The more diverse perspectives you can get into your strategy process the more likely you are to come up with a range of possibilities that makes sense. Teams will be much more reassured by the actions you take to ensure this wide and diverse input into decision making because that will demonstrate that you are doing things in a way that takes political and economic uncertainties into account.
The future for business will rely on organizations being sustainable. Tomorrow’s Company, the business research organization, defines a sustainable company as one that, “pursues long-term success, understanding that it depends upon, and therefore must contribute to the health of the economy, the environment and society”.

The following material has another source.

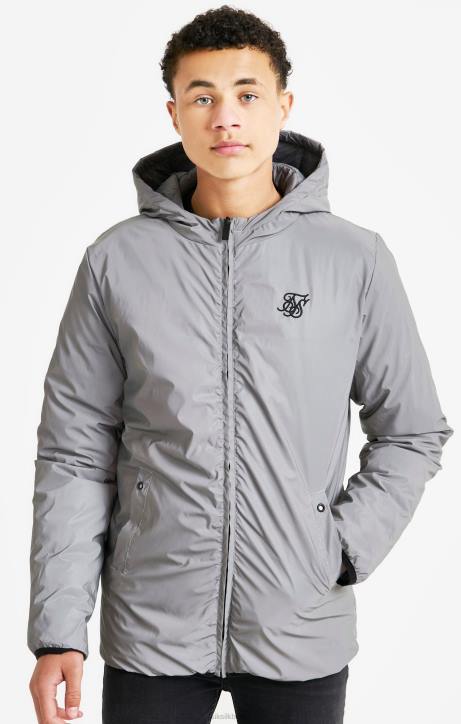 Jungen SikSilk graue wendbare Luftpolsterjacke Bekleidung J0NL298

Growth is likely to be generated from green industries and the challenge is going to be how we ensure a global level playing field so that the incentives are no longer perversely ensconced towards manufacturing those green technologies in China or the Middle East. Environmental and social controls in the global system are crucial – why does so much biotech industry developed at Universities like Cambridge end up being manufactured in China or Vietnam? Costs are lower, but why? Because there are no pension arrangements, there is no holiday leave, no health and safety, environmental or ethical safeguards. You can’t have a global system and expect the most advanced parts of the world to benefit if there are different rules for different parts of the globe.

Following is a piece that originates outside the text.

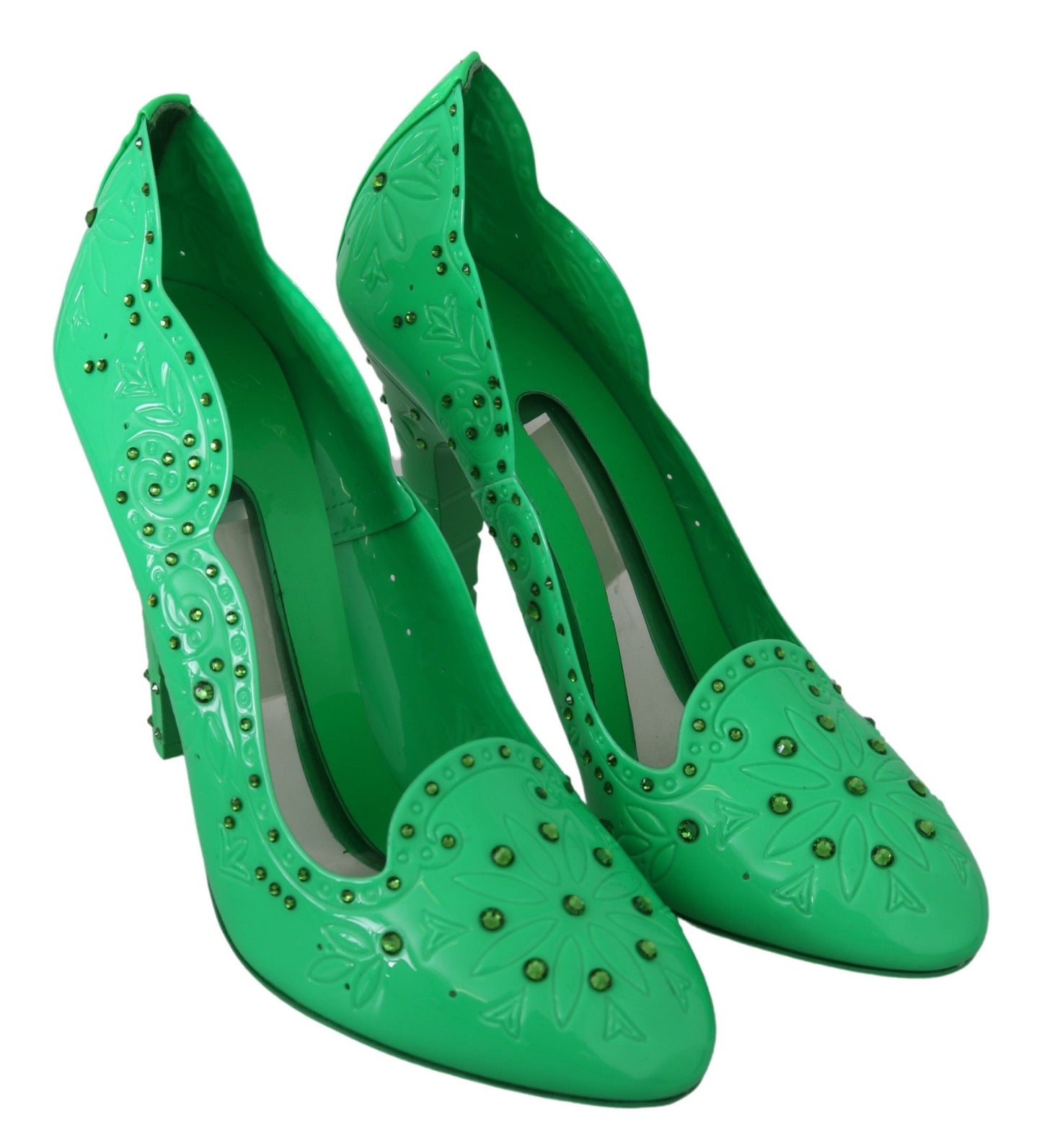 Grüne Kristall Blumen Heels CINDERELLA Schuhe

One alternative is to build niche industries – very specialized businesses in a global sub-niche, too small in scale to bother taking it to China. Those industries rely on identifying high value, small volume production that can take place here and that is going to be a key means of restoring employment.
The future of human resources
Scientists are looking at the ethical and social consequences of what are known as ‘Smart Robots’ – these are not the next generation of robots that are coming, they are the next, or next, next generation. The idea of a Smart Robot is one that is able to continue to learn and improve itself, that can then produce smarter versions of itself. We are not there yet, but theoretically, they are possible and they may be produced in the next 25 years or so. But what is going to hit us by 2012 is Intelligent Robots.
We’ve had robots from the ‘80s, for example in the automotive industry where they performed simple mechanics and threw out of employment a low-skilled, blue-collar workforce.
The new generation of Intelligent Robots will look like human beings, they will speak to you in several languages, joke with you, flirt with you and, in Japan, teachers are being substituted with robots in pilot form. They can detect when something is wrong and identify the defective part for replacement. Intelligent Robots have the potential to replace all security guards, receptionists and secretaries – and most doctors, lawyers, and bankers. The speed with which they are deployed will depend on how quickly they are accepted. Initially, they will cost between £12,000 and £100,000 – not too astronomical!
So, starting in 2012 leaders may have to make the decision as we go into recruitment, do we recruit a person or do we recruit a robot? The principle going forward is going to be very straightforward – more and more we will need to recruit human beings who are smarter than their robot equivalents.
Three Core Competencies of the Future
The core competences of the future will not be those we are producing now, so unless we address this issue in our school systems the problem of unemployment will certainly increase. As confidence grows and we begin to think about expanding again, we must consider these three core competencies in the kind of people we are recruiting.
Finding and retaining customers
We are in a historically unprecedented situation where we are able to produce much more than the world needs of everything. In a world of over-production, the key becomes a market competition – if you want to survive you need to find and retain customers.
Managing the whole supply chain
As a result of the rise of technology, we will find industrial boundaries eliminated and the rise of mega-corporations will increase. How do we manage supply chains in these huge organizations? How do we ensure that our staff doesn’t operate as ‘sales prevention officers!’
Creativity and innovation
According to the late Peter Drucker, marketing is selling and promoting today’s products, while innovation is anticipating tomorrow’s needs today. Developing a culture of innovation will be an essential aspect of competition, attracting new customers and streamlining structures and processes.